Selecção e tradução de Júlio Marques Mota
8. União Bancária: uma receita para o desastre
Thomas Fazi – A união bancária devia servir para quebrar o círculo vicioso entre bancos e Estados. No plano dos factos, está a determinar o oposto .
Thomas Fazi, Unione bancaria: una ricetta per il disastro
Eunews, 5 de Fevereiro de 2016
No dia 1º de Janeiro de 2016 entrou oficialmente em vigor a união bancária europeia, um sistema de vigilância e uma resolução bancária a nível europeu. A criação de união bancária representa, em termos de regulamentação, o êxito mais significativo de crise – “uma mudança de regime mais do que uma simples maquilhagem institucional”, como escreve Christos Hadjiemmanuil da London School of Economics num exaustivo estudo sobre o argumento – e há um vasto acordo sobre o facto que “mesmo na sua actual forma incompleta [a união bancária] é o maior sucesso político da União europeia em termos estruturais desde que começou a crise financeira”. Um olhar mais atento, no entanto, mostra uma exposição que a união bancária – pelo menos na sua forma actual – é apenas a última fase do processo de ajustamento assimétrico a que temos vindo a assistir ao longo destes em anos na Europa. Uma fase que poderia fixar o último prego sobre o caixão do euro.

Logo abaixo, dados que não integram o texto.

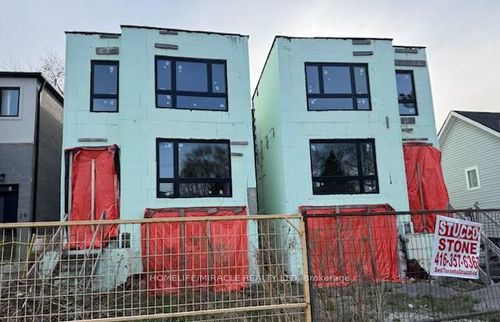 40 August Ave, Scarborough, ON, M1L3M9 | Card Image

Nas suas intenções iniciais, a união bancária devia servir “para quebrar o círculo vicioso entre bancos e os Estados”, mutualizando os custos fiscais das resoluções bancárias. Este foi o resultado do tardio reconhecimento por parte dos decisores políticos europeus quanto à natureza não orçamental – seja ela bancária ou monetária – “da crise das dívidas soberanas” na zona euro. Quando em 2012 a crise da dívida atacou dois países, a Espanha e a Irlanda, que nos anos precedentes à crise tinham registado entre os dois rácios défice/PIB e dívida/PIB mais baixos de toda a União, os governantes europeus foram forçados a reconhecer que deixar a gestão das crises bancárias nas mãos de cada um dos Estados-Membros individualmente – não deixaria aos políticos nacionais outra escolha que não seja a de financiarem os resgates bancários com os recursos orçamentais nacionais – o que tinha feito subir a dívida pública de certos países (especialmente os da periferia da zona euro que nos anos precedentes à crise tinham sido objecto de massivos afluxos de capital e em que estes, por seu lado, tinham contribuído para a criação de enormes bolhas especulativas) para níveis insustentáveis. Isto tinha gerado perigosos desequilíbrios que agora se arriscavam a minar a estabilidade da zona euro como um todo.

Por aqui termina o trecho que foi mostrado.